* _PROMPT_
From the entries below, gather each line containing the word "Game".

* _INPUT DATA_
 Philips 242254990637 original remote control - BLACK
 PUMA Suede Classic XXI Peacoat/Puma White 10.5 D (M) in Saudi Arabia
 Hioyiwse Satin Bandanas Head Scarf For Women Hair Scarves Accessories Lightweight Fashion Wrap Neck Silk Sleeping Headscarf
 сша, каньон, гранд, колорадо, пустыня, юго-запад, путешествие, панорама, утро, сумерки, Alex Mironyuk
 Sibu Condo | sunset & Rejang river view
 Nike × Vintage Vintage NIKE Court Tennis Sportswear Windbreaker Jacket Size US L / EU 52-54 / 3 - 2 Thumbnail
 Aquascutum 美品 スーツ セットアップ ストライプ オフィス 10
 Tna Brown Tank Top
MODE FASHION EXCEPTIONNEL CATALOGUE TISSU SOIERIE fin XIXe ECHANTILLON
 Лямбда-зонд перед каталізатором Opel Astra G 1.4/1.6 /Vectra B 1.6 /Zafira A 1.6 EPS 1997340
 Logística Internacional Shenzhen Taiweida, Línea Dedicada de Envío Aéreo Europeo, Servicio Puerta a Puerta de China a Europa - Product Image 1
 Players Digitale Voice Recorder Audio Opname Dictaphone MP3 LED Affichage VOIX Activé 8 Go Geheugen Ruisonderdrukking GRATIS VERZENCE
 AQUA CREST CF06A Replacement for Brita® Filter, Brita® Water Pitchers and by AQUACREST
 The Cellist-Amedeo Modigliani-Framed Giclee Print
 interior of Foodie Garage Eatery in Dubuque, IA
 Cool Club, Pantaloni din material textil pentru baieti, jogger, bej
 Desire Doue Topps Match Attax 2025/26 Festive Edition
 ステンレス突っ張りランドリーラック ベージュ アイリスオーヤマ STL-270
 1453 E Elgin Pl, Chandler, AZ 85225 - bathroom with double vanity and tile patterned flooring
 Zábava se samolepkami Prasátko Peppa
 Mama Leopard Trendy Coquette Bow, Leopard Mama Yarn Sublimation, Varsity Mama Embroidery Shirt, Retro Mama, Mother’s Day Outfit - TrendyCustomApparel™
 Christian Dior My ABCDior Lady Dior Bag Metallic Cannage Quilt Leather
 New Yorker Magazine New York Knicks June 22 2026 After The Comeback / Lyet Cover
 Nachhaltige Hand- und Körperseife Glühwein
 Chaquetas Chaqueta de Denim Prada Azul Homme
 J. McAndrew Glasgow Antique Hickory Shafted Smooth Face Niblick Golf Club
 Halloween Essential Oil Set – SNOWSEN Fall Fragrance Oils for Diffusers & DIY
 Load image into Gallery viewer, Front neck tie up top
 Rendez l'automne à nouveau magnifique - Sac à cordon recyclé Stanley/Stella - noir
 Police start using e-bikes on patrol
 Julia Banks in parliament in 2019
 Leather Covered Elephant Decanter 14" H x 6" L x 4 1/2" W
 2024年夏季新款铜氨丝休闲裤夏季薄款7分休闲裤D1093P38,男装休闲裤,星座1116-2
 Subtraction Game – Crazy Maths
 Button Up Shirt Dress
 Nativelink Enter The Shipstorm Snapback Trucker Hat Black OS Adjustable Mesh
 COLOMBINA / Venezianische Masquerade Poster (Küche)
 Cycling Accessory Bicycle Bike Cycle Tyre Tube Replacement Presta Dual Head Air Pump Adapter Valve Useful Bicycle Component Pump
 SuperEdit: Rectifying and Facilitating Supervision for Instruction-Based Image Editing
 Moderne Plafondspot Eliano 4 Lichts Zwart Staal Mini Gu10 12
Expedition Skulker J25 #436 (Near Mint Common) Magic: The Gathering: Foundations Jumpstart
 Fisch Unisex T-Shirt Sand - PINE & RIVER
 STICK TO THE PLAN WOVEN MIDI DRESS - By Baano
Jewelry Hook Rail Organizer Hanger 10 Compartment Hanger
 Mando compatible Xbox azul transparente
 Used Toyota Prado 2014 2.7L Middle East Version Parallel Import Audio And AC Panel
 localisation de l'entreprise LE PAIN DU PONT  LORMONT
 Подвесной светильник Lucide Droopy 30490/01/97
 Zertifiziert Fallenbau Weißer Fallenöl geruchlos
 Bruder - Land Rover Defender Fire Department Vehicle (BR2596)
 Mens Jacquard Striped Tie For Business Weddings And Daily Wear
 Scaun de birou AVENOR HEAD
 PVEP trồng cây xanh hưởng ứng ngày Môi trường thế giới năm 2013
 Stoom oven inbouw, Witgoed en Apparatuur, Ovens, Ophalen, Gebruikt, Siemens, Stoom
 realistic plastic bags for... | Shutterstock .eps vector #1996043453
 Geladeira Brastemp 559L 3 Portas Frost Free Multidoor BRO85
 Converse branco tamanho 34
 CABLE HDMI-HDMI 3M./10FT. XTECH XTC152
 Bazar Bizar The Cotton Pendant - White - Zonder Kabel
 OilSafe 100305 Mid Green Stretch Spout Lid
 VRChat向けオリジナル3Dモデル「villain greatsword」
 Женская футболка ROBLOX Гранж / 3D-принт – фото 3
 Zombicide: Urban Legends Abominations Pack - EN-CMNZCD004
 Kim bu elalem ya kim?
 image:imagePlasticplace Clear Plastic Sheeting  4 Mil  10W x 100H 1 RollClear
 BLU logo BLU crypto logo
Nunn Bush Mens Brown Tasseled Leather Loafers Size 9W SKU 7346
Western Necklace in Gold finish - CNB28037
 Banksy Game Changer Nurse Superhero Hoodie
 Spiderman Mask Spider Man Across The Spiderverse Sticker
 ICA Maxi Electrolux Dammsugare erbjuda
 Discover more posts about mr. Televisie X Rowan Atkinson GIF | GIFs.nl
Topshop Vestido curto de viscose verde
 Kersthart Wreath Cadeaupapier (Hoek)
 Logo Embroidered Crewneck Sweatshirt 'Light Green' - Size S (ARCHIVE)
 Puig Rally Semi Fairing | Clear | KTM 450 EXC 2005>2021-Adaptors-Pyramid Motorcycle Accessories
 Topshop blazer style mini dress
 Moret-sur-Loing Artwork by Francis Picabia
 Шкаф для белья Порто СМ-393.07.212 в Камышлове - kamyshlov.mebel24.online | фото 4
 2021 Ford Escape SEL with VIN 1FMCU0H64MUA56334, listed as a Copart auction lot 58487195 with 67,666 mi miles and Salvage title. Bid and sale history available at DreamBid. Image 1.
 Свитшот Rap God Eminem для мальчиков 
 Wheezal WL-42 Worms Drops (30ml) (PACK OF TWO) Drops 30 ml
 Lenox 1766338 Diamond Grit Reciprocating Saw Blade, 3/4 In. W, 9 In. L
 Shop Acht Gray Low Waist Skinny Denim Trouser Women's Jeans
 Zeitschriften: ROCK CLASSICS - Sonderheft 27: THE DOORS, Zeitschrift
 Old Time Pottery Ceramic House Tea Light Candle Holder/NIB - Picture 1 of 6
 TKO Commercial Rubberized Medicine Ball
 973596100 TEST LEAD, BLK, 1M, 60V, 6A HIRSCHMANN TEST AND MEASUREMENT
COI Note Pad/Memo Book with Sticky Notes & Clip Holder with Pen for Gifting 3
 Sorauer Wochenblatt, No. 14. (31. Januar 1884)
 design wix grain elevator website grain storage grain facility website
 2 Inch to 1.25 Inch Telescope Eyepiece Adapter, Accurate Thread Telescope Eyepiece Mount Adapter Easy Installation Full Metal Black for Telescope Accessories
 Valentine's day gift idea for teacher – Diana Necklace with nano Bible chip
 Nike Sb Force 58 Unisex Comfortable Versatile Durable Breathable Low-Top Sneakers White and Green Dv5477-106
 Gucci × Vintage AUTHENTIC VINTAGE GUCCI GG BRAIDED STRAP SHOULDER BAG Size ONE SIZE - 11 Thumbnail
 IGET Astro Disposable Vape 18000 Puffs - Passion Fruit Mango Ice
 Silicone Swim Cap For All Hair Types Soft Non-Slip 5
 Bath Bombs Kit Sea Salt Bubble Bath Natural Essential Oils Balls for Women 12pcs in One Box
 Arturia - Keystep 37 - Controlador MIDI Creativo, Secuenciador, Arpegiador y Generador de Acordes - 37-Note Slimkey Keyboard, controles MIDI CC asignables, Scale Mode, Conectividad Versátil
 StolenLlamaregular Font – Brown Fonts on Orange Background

* _RESULT FOR THIS TASK_
 Subtraction Game – Crazy Maths
 Banksy Game Changer Nurse Superhero Hoodie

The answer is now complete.